:: AIM OF THE EXERCISE ::
Using the entries that follow, write out the line containing "Luau Favor Tags, Hawaiian", the line containing "Kemerli Siyah Mini Etek", and every line between them, exactly and nothing else.

:: DATA SHOWN ::
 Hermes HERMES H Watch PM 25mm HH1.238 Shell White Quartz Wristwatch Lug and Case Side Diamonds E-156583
--
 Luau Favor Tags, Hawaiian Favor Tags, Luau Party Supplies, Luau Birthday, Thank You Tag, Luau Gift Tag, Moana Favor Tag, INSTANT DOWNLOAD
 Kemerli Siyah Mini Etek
---
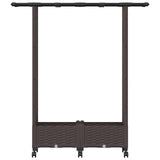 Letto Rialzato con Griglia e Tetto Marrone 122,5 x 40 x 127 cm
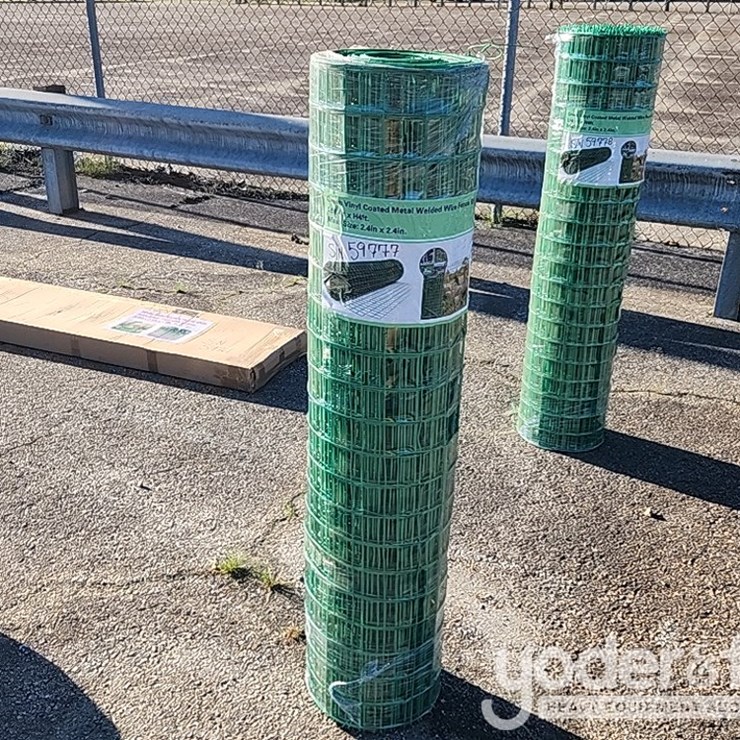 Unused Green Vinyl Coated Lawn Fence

:: RESULT BELOW ::
 Luau Favor Tags, Hawaiian Favor Tags, Luau Party Supplies, Luau Birthday, Thank You Tag, Luau Gift Tag, Moana Favor Tag, INSTANT DOWNLOAD
 Kemerli Siyah Mini Etek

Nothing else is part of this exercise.